Kerber will climb to No. 4 when the WTA rankings are updated on Monday while Williams moves all the way up to 28th.
In graciously accepting her runner-up award, Williams, fighting back tears, said, “I can’t be disappointed. I have so much to look forward to. I’m literally just getting started.”
It’s been less than a year since Williams gave birth to her daughter, Olympia, and began the journey toward returning to excellence. After winning just two of her first four matches after returning to the tour in March while struggling to regain her movement and rhythm, then taking a two-month break before resurfacing at the French Open, Williams is 9-1. A pectoral injury forced her to withdraw after winning three rounds at Roland Garros. Then, after recovering, she ran the table and won six straight rounds at the All England Club before bowing in the final.
“I’m just me, and that’s all I can be,” Williams said. “To all the moms out there, I was playing for you today, and I tried. But Angelique played really well; she played out of her mind.”
Indeed, Kerber won 70 percent of her first serves (23 of 33) and broke Williams four times in seven tries. Although she hit just 11 winners to Serena’s 23, she only made five unforced errors while Williams committed 24. Kerber outpointed Williams 56-45.

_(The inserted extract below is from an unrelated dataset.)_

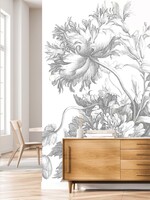 Wandvullend Bloemen behang Engraved Flowers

Williams and Kerber endured a two-hour delay to accommodate the completion of the second men’s semifinal between No. 2 seed Rafael Nadal and No. 12 seed Novak Djokovic, won by Djokovic in five sets, before taking Centre Court to begin their final. Then, they battled like warriors in pursuit of the Venus Rosewater Dish, the prize given to the Wimbledon ladies’ champion.
Kerber won the first set in 31 minutes on the strength of breaking Williams’ serve three times. Down 2-3, the German won four straight games to close out the opener. Then, she won a critical break-point opportunity in the sixth game of the second set with a forehand winner to go ahead 4-2. Kerber closed out the 65-minute title match when Williams hit an errant backhand. Perhaps, the biggest surprise was how swiftly and solidly Kerber won.
After securing match point, Kerber collapsed to the ground the moment she realized victory belonged to her. It didn’t matter that she got dirt stains all over her back of her kit in celebrating the moment.
A victory tour around Centre Court soon followed. Then, in a separate off-court interview with North American broadcaster ESPN, Kerber called winning Wimbledon “one of my best moments of my career,” and “my biggest goal of the year.”
She added, “It’s like a dream come true. It’s special to play Serena. This was the moment I practiced for, to play on the biggest stage in tennis.”
Among the notables at Centre Court for the women’s final: British royals Kate Middleton and Meghan Markle, nine-time Wimbledon champion Martina Navratilova, six-time Wimbledon champion Billie Jean King, Vogue editor-in-chief Anna Wintour, Formula One Grand Prix driver Lewis Hamilton, and professional golfer Tiger Woods.